TL;DR
Tenet is the last Christopher Nolan movie. In this post, I will try to figure out the Tenet timeline using an example mapping technique. Be noted that post has Tenet spoilers. The best option is to read it after you watch the movie.
Testers And Time
For me, testing applications with time variables were always challenging. Let’s see what Nolan has to offer in the form of entertainment.
Christopher Nolan
Nolan is not an ordinary movie director. From Memento, through the Batman trilogy to Interstellar and the historic event Dunkirk you can easily conclude that his movies are excellent. Memento is essential for figuring the Tenet timeline. In Memento, main protagonist, Guy Pearce has temporary memory loss, and the movie timeline runs backward.
Tenet
A principle or belief, especially one of the main principles of a religion or philosophy. For example, Tenets of software automation.
Nenad Polimac, a Croatian film critic, advised watching Tenet several times. Armed with the brilliant mind of my friend Boris, we decided to watch it twice, in three days. We needed some time to rest our minds. We discussed it extensively over a beer before and after the second screening.
Timeline
Figuring out the Tenet timeline is hard. I will try to explain this fact using example mapping. Example mapping is a technique for breaking problems where the problem is divided into four categories:
- User
StoryPlot - Rules
- Examples
- Questions
The team gathers in defined timeslots (for example, 30 minutes) and discusses the problem by creating the above artifacts.

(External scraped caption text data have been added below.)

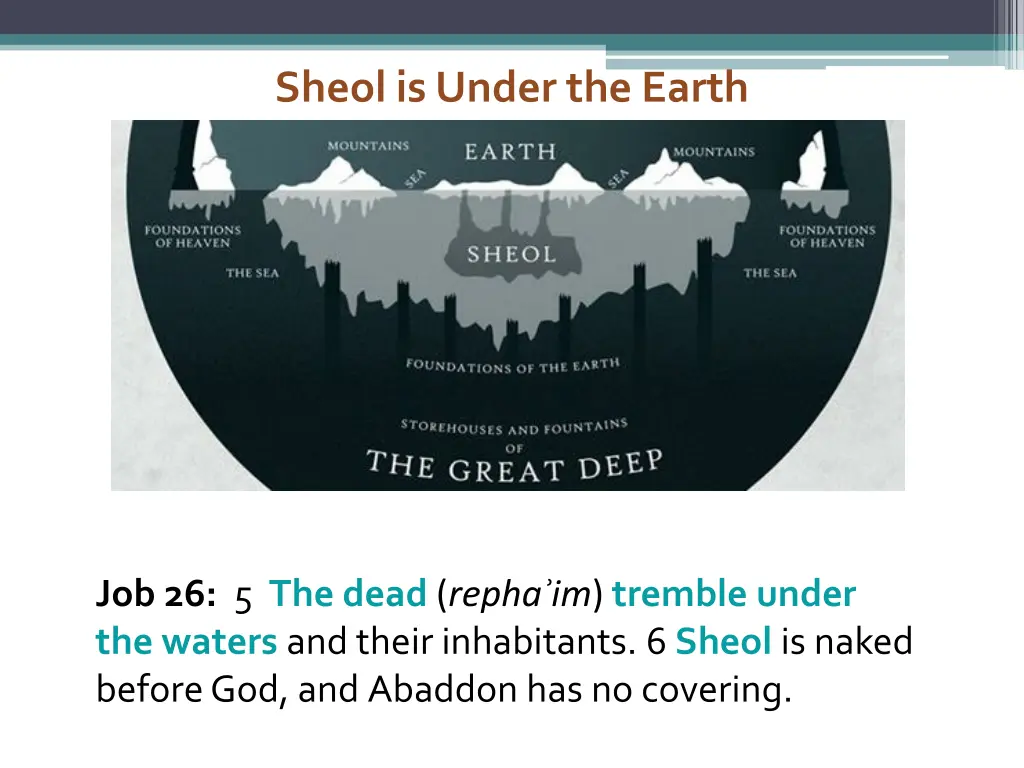sheol is under the earth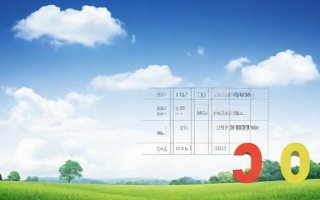 2014国考行测分值分布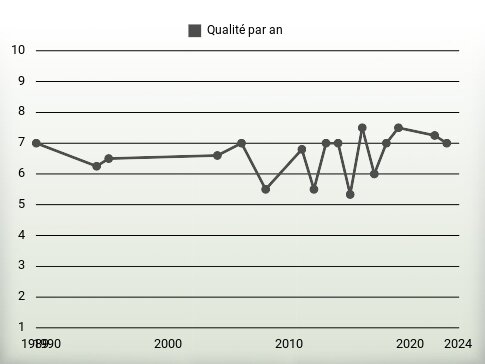 Qualité par an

Rule: A story is a series of events recorded in their chronological order [source].
Rule: A plot is a series of events deliberately arranged to reveal their dramatic, thematic, and emotional significance [source].

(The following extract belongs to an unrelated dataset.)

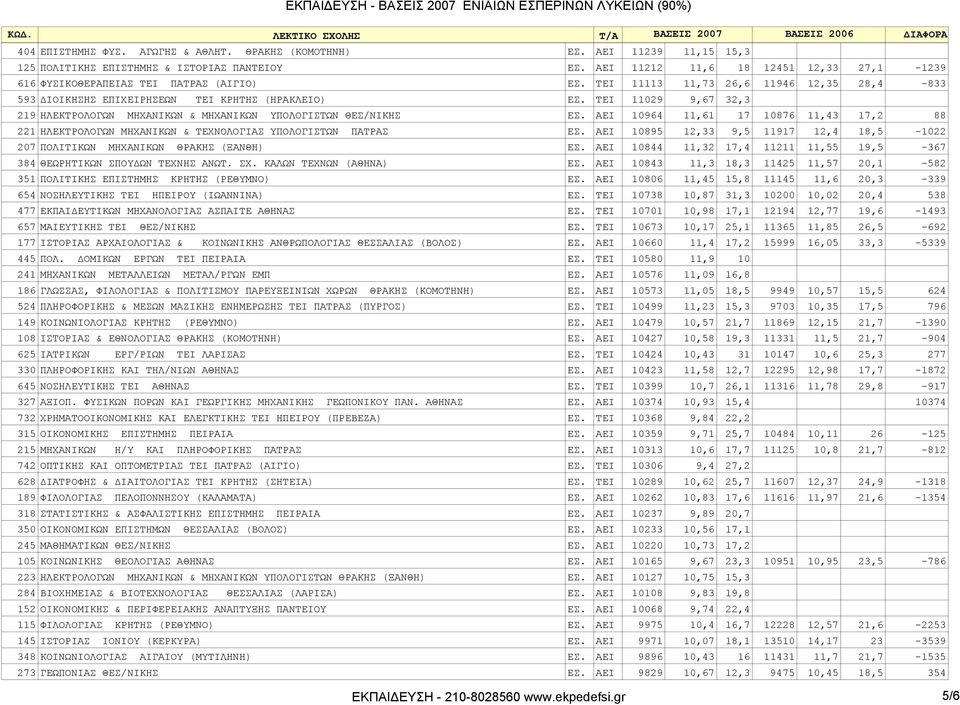 TEI 11029 9,67 32,3 219 HΛΕΚΤΡΟΛOΓΩN MHXΑΝΙKΩN & ΜΗΧΑΝΙΚΩΝ ΥΠΟΛΟΓΙΣΤΩΝ ΘΕΣ/ΝΙΚΗΣ ΕΣ. AEI 10964 11,61 17 10876 11,43 17,2 88 221 HΛEKΤΡΟΛOΓΩN MHXΑΝΙKΩN & ΤΕΧΝΟΛΟΓΙΑΣ ΥΠΟΛΟΓΙΣΤΩΝ ΠΑΤΡΑΣ ΕΣ.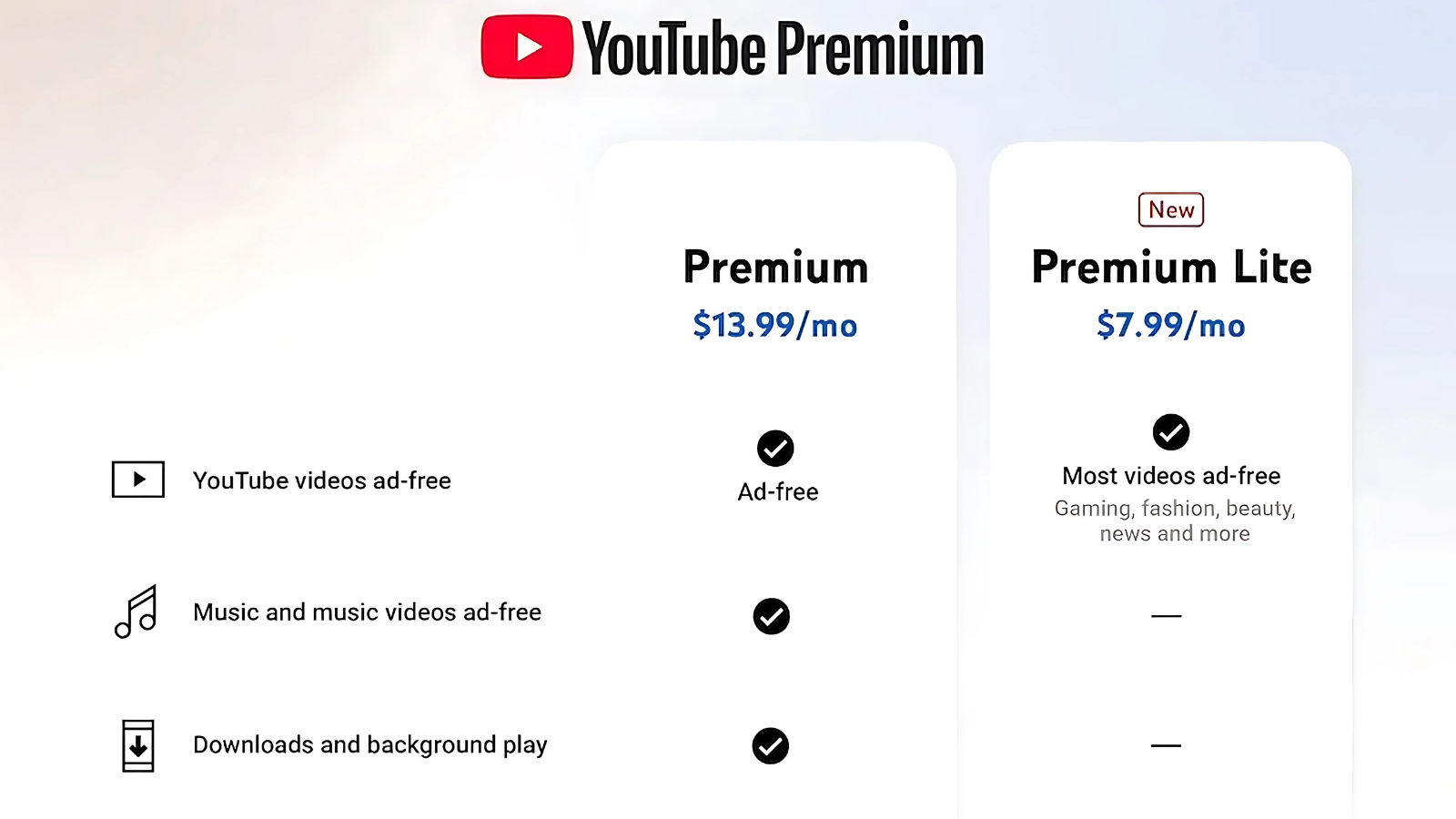 youtube premium lite daha uygun fiyatla reklamsiz izleme sunuyor 0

Rule: The protagonist is at the center of the story, makes the key decisions, and experiences the consequences of those decisions [source].

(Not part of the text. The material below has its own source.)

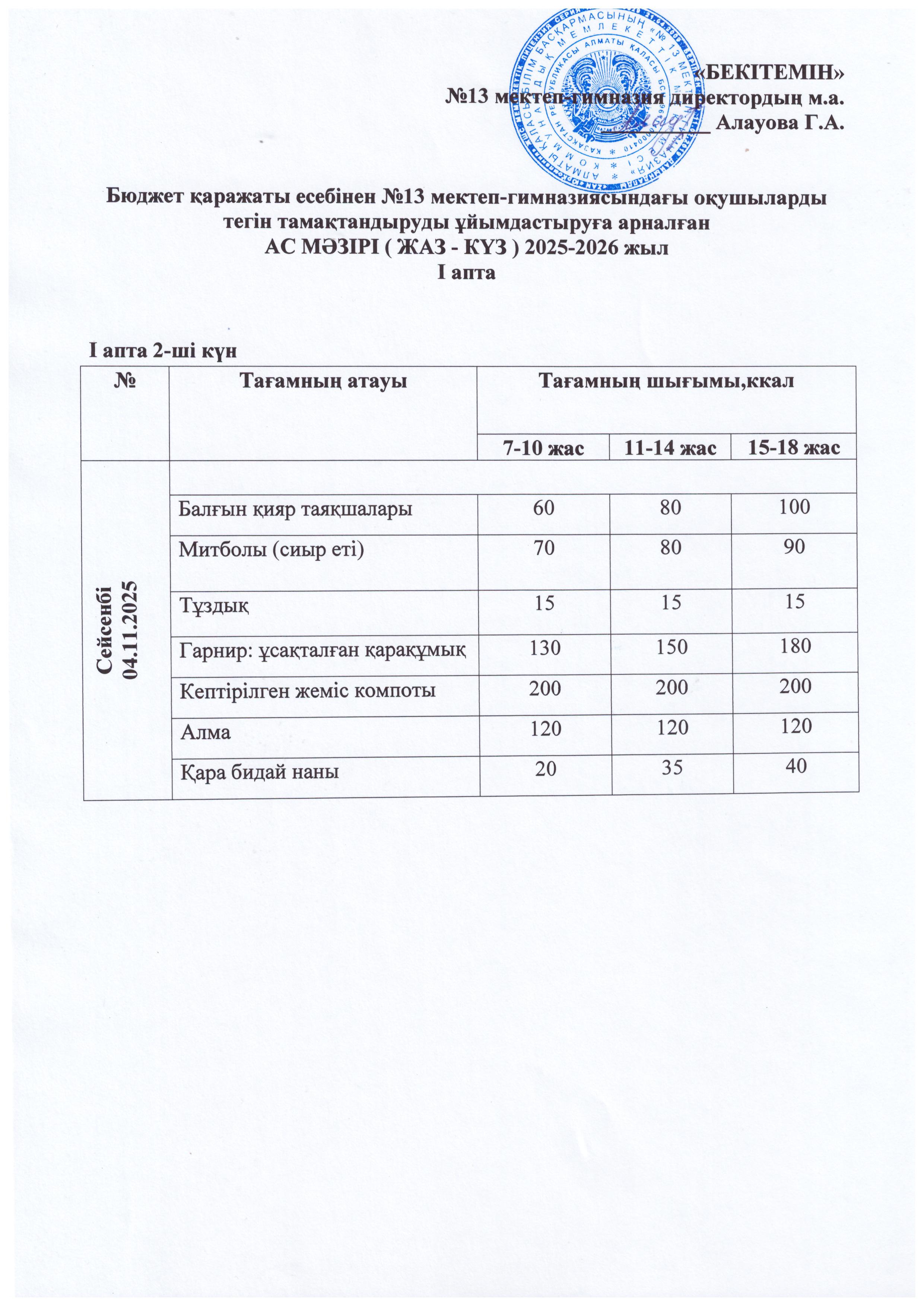 АС мәзірі 04.11.2025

As we need to decrypt a movie plot, we will switch User Story => User Plot.
Rule: the protagonist is an unnamed CIA special agent, played by John David Washington.
User Plot: At the beginning of the movie, the protagonist is almost killed by a bullet that “goes out of the wall into the gun.”
Rule: A CIA scientist introduces to the protagonist a bullet with “inversed entropy.” The referenced point is our world entropy. Entropy is a thermodynamic quantity representing the unavailability of a system’s thermal energy for conversion into mechanical work, often interpreted as the degree of disorder or randomness in the system.
Rule: Inverted entropy items are coming from the protagonist’s future.
Example: The protagonist shoots an empty gun, and bullets come out of the wall into the gun chamber.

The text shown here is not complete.